There’s been a rash of deaths among my family members and coworkers recently — deaths of our beloved pets, though, rather than loved ones. “Pets?” you say. Yes, pets — though obviously not the same as losing a loved one. Still, loss and grief come in many forms, pet loss not being the least of them. To this, any animal lover will testify.
The first was a three-legged cat named Tripod. He was the elder feline of a cherished coworker of mine and was showing signs of his approaching demise. His owner chose, after much discernment, to allow him to die a natural death at home rather than have him euthanized at the vet’s office.
For those who are not animal lovers, this decision may seem trivial. But I believe at its foundation it’s validity lies squarely in the center of many of the life issues our culture faces today. I respect the courage it must have taken my coworker to choose natural death and the grief that ensued.
Several friends mused that perhaps a natural death was cruel and unusual punishment for a faithful and trusting pet, but when my own 20-year-old tabby began his own descent, I found myself faced with the same dilemma and empathized with my coworker’s thinking.

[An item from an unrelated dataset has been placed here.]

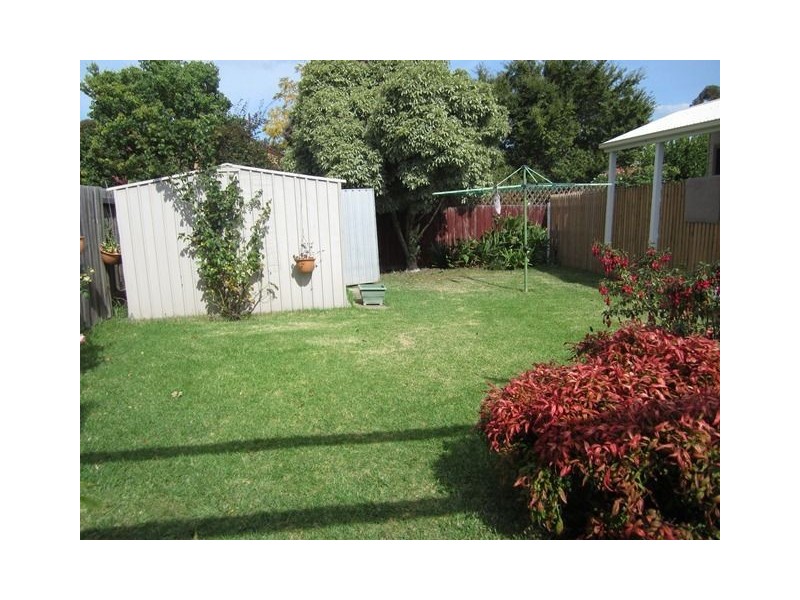 27 Swan Street, Werribee VIC 3030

My buddy Max, who came to us as a stray kitten and took to my autistic daughter like a bee to honey, was a dignified yet trusting soul who unfortunately hated visits to the vet. So as his time drew near I struggled with traumatizing him further with a car ride there during his final hour.

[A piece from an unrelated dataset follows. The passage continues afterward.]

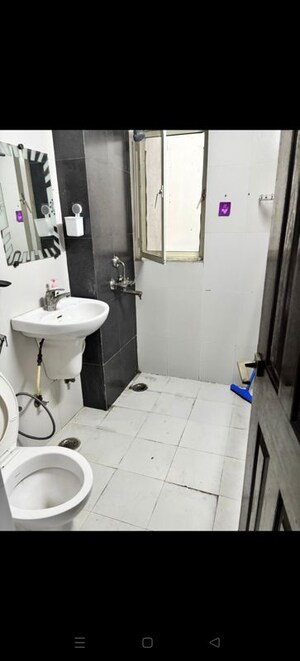 Bathroom in 2.5 BHK Apartment at Supertech Cape Town, Sector 74 – for Rent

As mobility became an issue for my sweet Max, my girls and I made sure he was as comfortable as possible nestled on his favorite red blanket. He had been a fixture in our home for so long and no ordinary cat (if I do say so myself), so when he meowed weakly to be near us, rather than go off quietly as many animals do in their final hours, we drew him close wherever we were. I was touched deeply by the display of tenderness and care my girls offered this aged cat and am grateful for this beautiful life lesson Max offered us in return.
My girls and I watched as he struggled with the last threads of life he held in him that last day and I will admit it was painful to witness. But I believe that in his dying as in his expansive and sometimes comical life, Max reaffirmed in his own way my family’s deep-seated belief in the preciousness of life that we are privileged to enjoy with God, nature, animals and our fellow human beings.

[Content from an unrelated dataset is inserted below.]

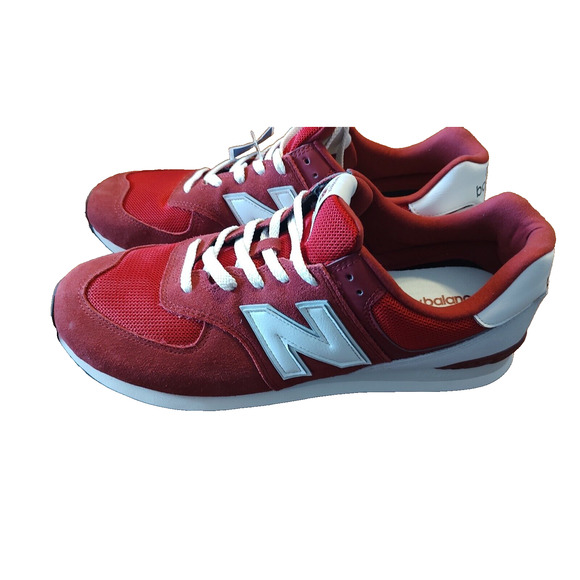 NEW BALANCE Men's Red & White CLASSIC RUNNING SNEAKERS NWOB Size 17 - Picture 1 of 5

We grieved together as Max lay dying, speaking of his loyalty and prowess. And after he took his final breath we cried together for a long time, holding each other with shared compassion — yet another gift nurtured by this loving pet.
Because I believe strongly in the power of ceremony and its place in the healing process — even with pets — the girls and I diligently created a grave marker bearing a picture of our beloved feline along with his name mapped out in colored glass. We had a lovely burial ceremony in which we each shared funny and tender stories of how Max had enriched our lives, as well as a few tears. It felt good to remember the place he held in our family and all he was to us.
That place Max held is empty now, but his memory lives on in our shared stories and our hearts. Those delightful pets have a way of wiggling deeply in the marrow of our souls. Their lives, and sometimes even their deaths, are woven with rich and meaningful lessons just for us. Respect for life, loving-kindness even in infirmity, compassion and the wisdom to mourn a loss of life we held dear as we hold hope for the future in our hearts. I pray these lessons, learned sometimes from a loyal animal, settle deeply in our being, so that the same loving-kindness and compassion can grace others on our life’s path.